Featured articles are open access for three months so you can see what’s hot in the current issue of FWS.

Verberk, W.C.E.P., C.G.E. van Noordwijk, and A.G. Hildrew. 2013. Delivering on a promise: integrating species traits to transform descriptive community ecology into a predictive science. Freshwater Science 32:531–547

Highlight: A hierarchical framework for species traits is presented in which interactions among biological traits are utilized to develop a more mechanistic understanding of species occurrences.

Abstract: The use of species traits in basic and applied ecology is expanding rapidly because trait-based approaches hold the promise to increase our mechanistic understanding of biological responses.

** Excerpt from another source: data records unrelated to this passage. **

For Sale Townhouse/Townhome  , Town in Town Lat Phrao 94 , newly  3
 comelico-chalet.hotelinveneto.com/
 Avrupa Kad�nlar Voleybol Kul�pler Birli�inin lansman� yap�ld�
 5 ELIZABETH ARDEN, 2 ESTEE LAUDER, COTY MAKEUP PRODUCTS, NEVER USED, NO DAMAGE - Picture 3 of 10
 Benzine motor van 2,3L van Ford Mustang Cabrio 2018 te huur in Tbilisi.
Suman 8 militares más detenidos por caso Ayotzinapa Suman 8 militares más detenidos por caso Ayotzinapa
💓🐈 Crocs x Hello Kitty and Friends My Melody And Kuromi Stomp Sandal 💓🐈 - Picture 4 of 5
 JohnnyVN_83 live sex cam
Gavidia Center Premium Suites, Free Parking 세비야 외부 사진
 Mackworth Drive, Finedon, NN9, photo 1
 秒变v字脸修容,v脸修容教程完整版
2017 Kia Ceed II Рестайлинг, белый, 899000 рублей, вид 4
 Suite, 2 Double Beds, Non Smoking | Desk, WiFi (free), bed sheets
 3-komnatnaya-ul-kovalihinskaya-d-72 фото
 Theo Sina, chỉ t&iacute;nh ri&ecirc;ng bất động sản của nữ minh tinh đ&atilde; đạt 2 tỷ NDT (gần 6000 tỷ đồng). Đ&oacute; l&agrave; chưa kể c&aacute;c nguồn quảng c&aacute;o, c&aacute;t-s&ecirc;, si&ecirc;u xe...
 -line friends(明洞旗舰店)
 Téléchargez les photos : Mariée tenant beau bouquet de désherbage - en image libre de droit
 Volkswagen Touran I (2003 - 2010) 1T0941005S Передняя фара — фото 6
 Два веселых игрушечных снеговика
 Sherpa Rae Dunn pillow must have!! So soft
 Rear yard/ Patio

Such understanding could transform descriptive field studies in community ecology into predictive studies. Currently, however, trait-based approaches often fail to reflect species–environment relationships adequately. The difficulties have been perceived mainly as methodological, but we suggest that the problem is more profound and touches on the fundamentals of ecology and evolution. Selection pressures do not act independently on single traits, but rather, on species whose success in a particular environment is controlled by many interacting traits. Therefore, the adaptive value of a particular trait may differ across species, depending on the other traits possessed by the species and the constraints of its body plan. Because of this context-dependence, trait-based approaches should take into account the way combinations of traits interact and are constrained within a species. We present a new framework in which trade-offs and other interactions between biological traits are taken as a starting point from which to develop a better mechanistic understanding of species occurrences. The framework consists of 4 levels: traits, trait interactions, trait combinations, and life-history strategies, in a hierarchy in which each level provides the building blocks for the next. Researchers can contribute knowledge and insights at each level and their contributions can be verified or falsified using logic, theory, and empirical data. Such an integrated and transparent framework can help fulfill the promise of traits to transform community ecology into a predictive science.